WAT IS HET TOEKOMSTPERSPECTIEF VOOR VIS IN DE WADDENZEE?
Het onderzoek naar de vragen over vis in de andere deelprojecten geeft nieuwe inzichten in de functie van de Waddenzee voor de onderzochte vissoorten. Op deze manier krijgen we beter inzicht in hoe het huidige beheer van de Waddenzee bijdraagt aan de functies die het gebied heeft voor die vissoorten in verschillende levensstadia. Het bundelen van deze nieuwe informatie, staat centraal in projectonderdeel Integratie. Centraal doel is om te kunnen bepalen welke processen en habitats de meest kritische knelpunten vormen voor vis in de Waddenzee. Dit kunnen knelpunten zijn die bijvoorbeeld de groei, voedselopname, reproductie, of overleving beïnvloeden.
De verschillende onderzoeken bieden meer zicht op de swimway van vissoorten en de plek van de Waddenzee in hun levenscyclus. Deze kennis vormt de basis van een model waarmee de impact van maatregelen voor vissen kan worden voorspeld.
Autonome ontwikkelingen
Veel veranderingen in omgevingsfactoren, zoals veranderende zeewatertemperatuur en zoutgehalte, zijn autonome ontwikkelingen: de verandering kunnen niet met beheermaatregelen beïnvloed worden.
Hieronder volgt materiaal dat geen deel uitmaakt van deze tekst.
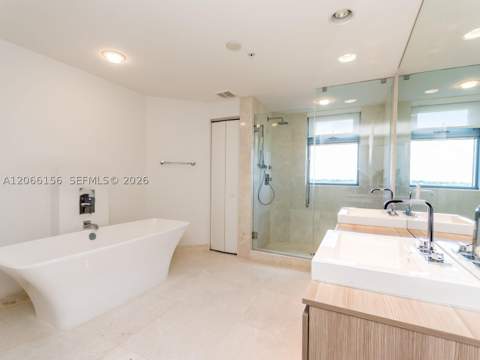 17301 Biscayne Blvd 1004, North Miami Beach FL - photo 11 of 33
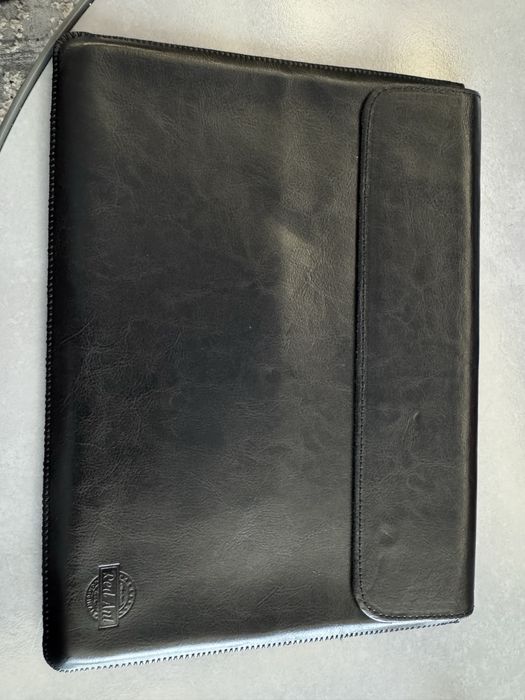 Кожена чанта за Macbook pro 14”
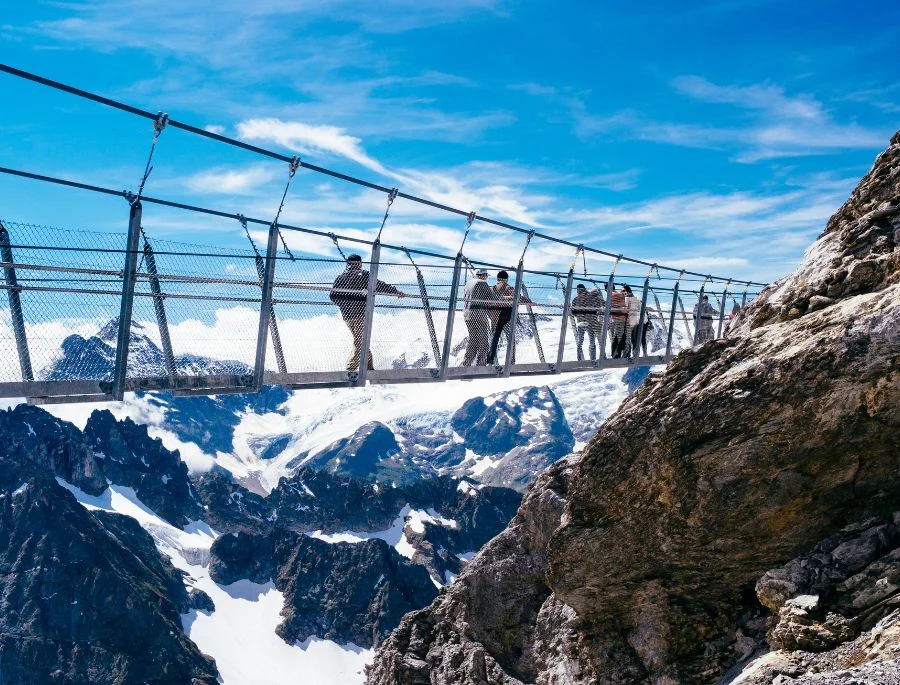Titlis Cliff Walk - Cây cầu treo bắc qua khe núi sâu tới 500 mét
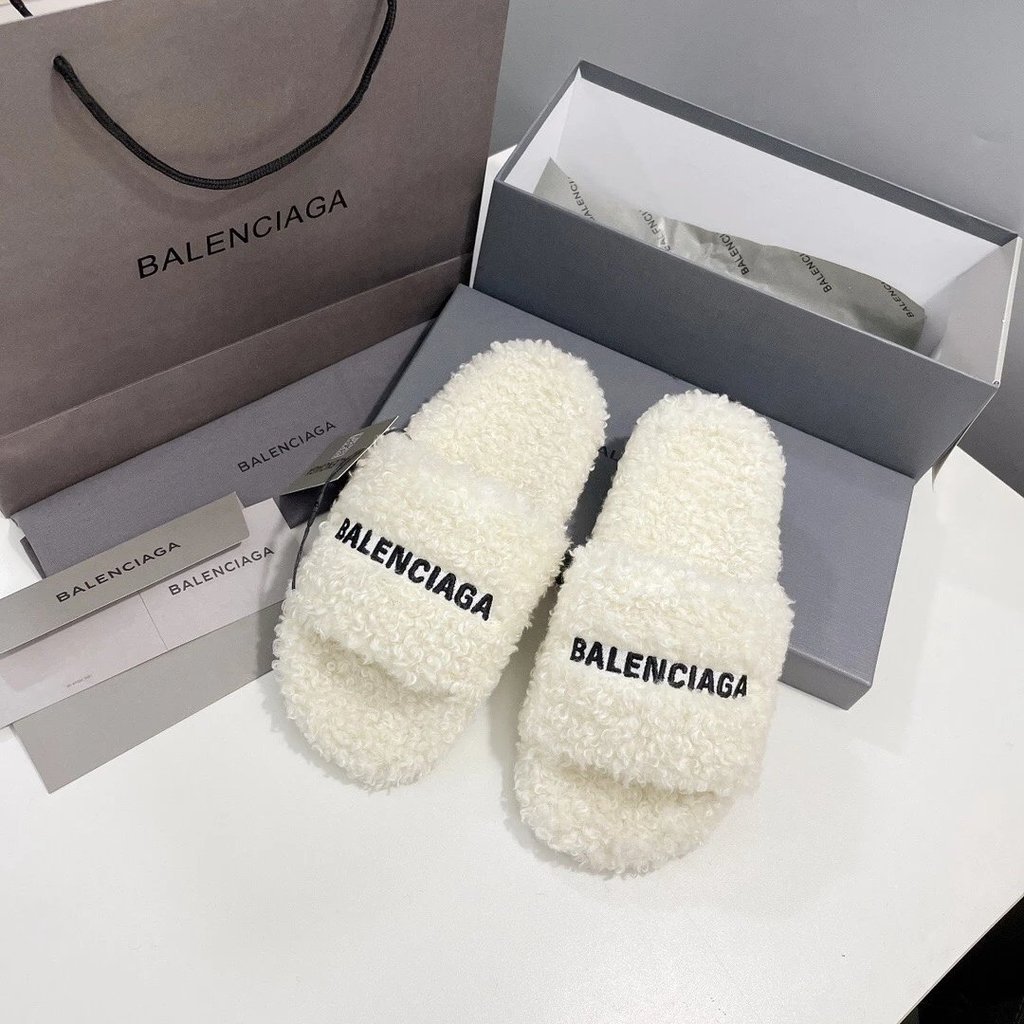 รองเท้าแตะ Balenciaga แบบใหม่สำหรับฤดูใบไม้ร่วงและฤดูหนาว ออกแบบในสไตล์ยุโรปพร้อมโลโก้ปักหรูหรา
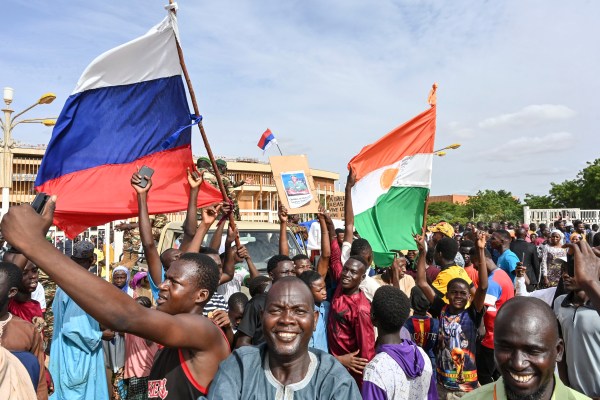 Хиляди поддръжници на военен преврат в Нигер се събраха на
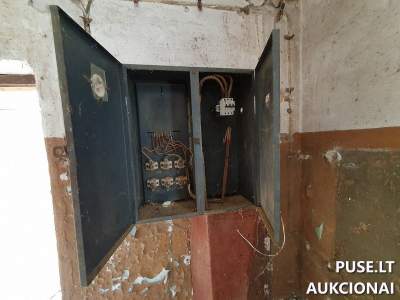 33/100 dalis sandėlio Klaipėdoje, Smiltynės g. 24, pradinė kaina 38973 EUR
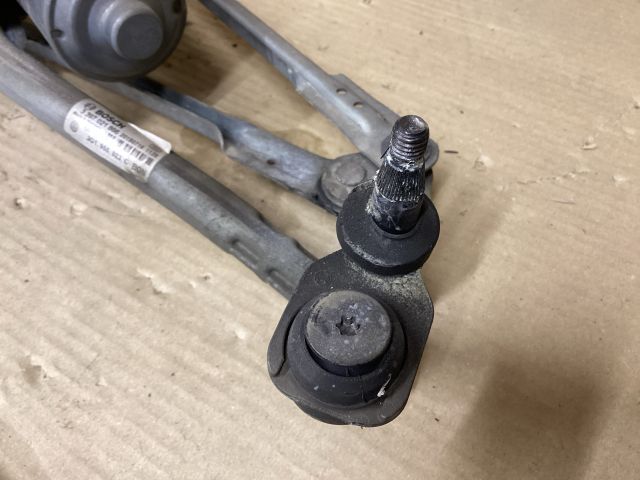 bontott VW PASSAT B8 Első Ablaktörlő Szerkezet Motorral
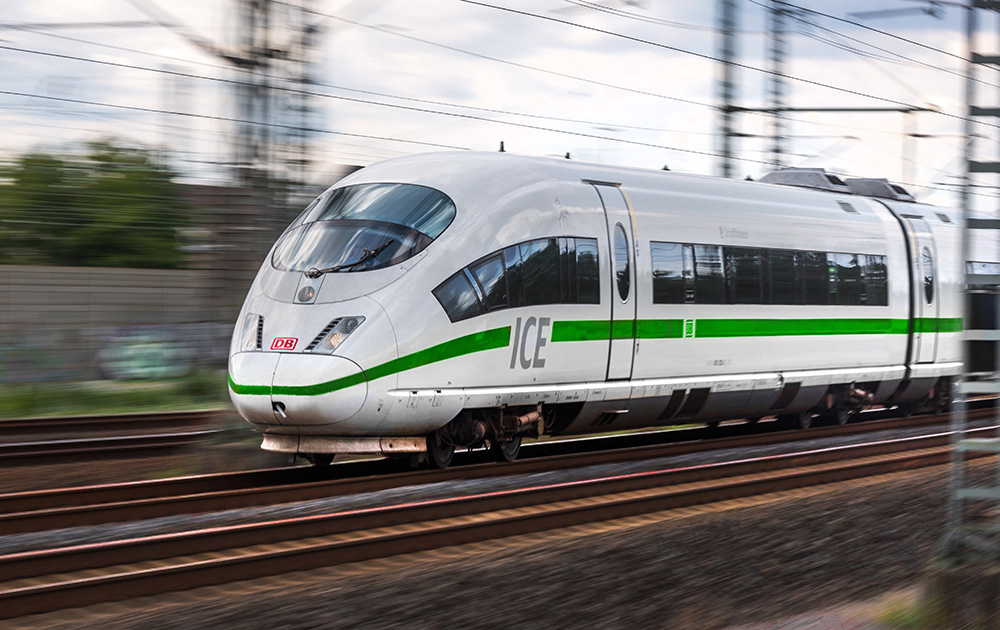 Train allemand dans la Rhénanie du Nord-Westphalie (Photo d’archive Adobe Stock)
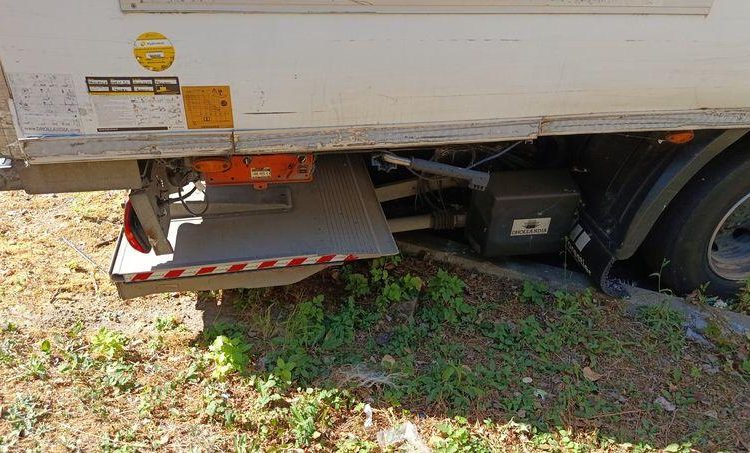 IVECO EUROCARGO 160-210 AVEC GROUPE FROID EN DESIGNATION – DIESEL – 174452 KMS BLANC EG-058-RG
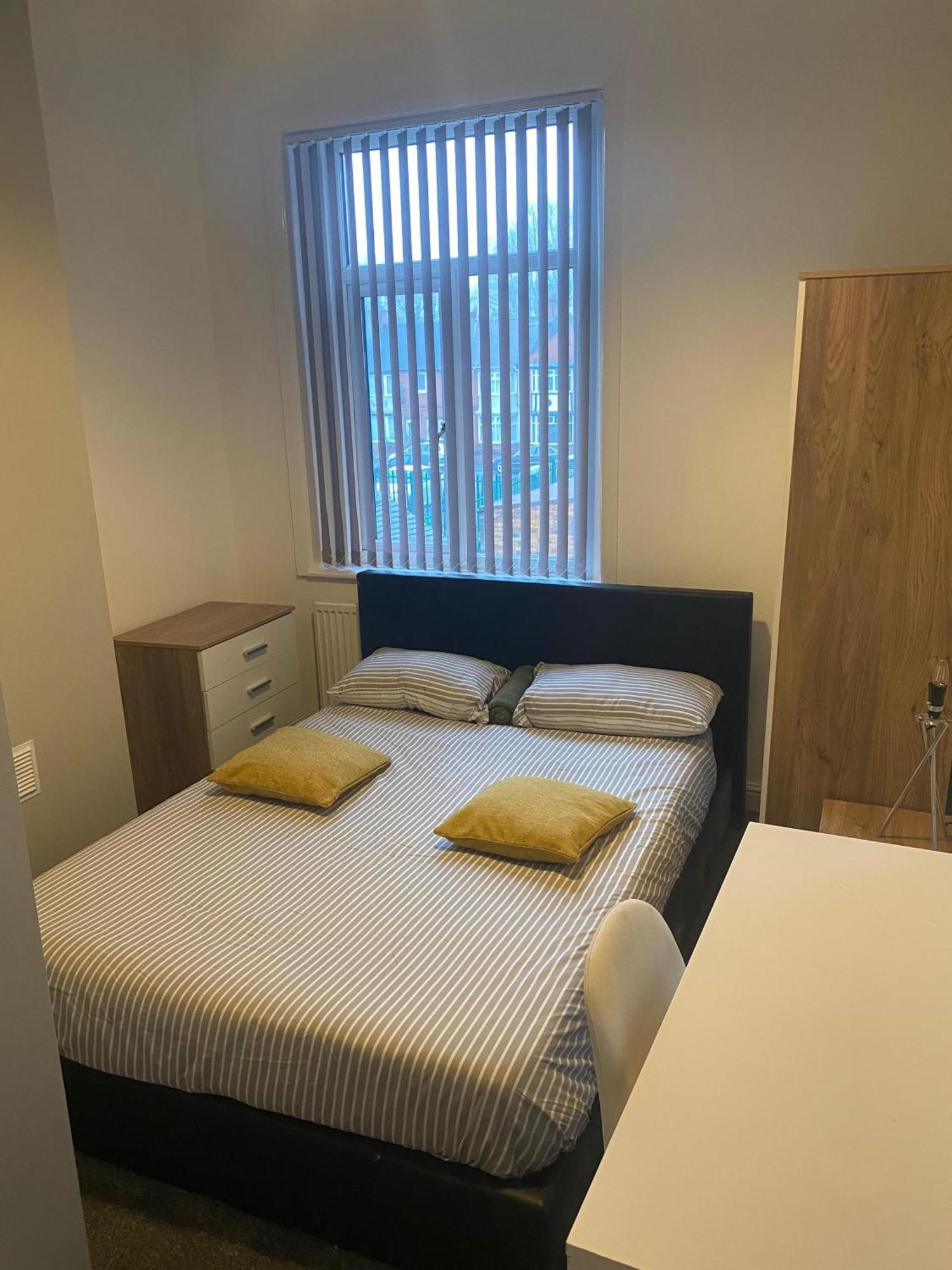Happy Homes Stoke-on-Trent ภายนอก รูปภาพ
Ze hebben echter wel een grote invloed op de fysiologie van vissen en op het voedselaanbod. Ze bepalen hoe goed vissen kunnen groeien of overleven en zich voortplanten. Die fysiologische behoeftes en de balans tussen energiebehoefte en aanbod verschillen tussen soorten en zijn anders voor jonge vissen dan voor oude vissen. Om de effecten van deze factoren ook mee te nemen in de integratie, voeren we gerichte experimenten en theoretische analyses uit die specifiek de effecten van omgevingsfactoren op vissen in kaart brengen en het belang daarvan voor knelpunten in de levenscyclus.Uiteindelijk laat dit projectonderdeel zien in welk levensstadium welke factoren beperkend zijn voor groei en overleving .
Toekomstscenario’s
Met deze informatie wordt een model ontwikkeld waarmee de specifieke bijdrage van (nieuwe) beheermaatregelen op de visstand van de Waddenzee kan worden geanalyseerd. De processen die in het populatiemodel gebruikt worden zoals groei, sterfte en voortplanting worden gestuurd door omgevingsfactoren die sterk kunnen variëren: bijvoorbeeld temperatuur, voedsel of de aanwezigheid van een bepaalde leefomgeving. De sleutel tot het begrijpen waarom een soort het goed of slecht doet, ligt dus in het begrip van deze onderlinge processen en dus ook van het effect van de omgeving hierop.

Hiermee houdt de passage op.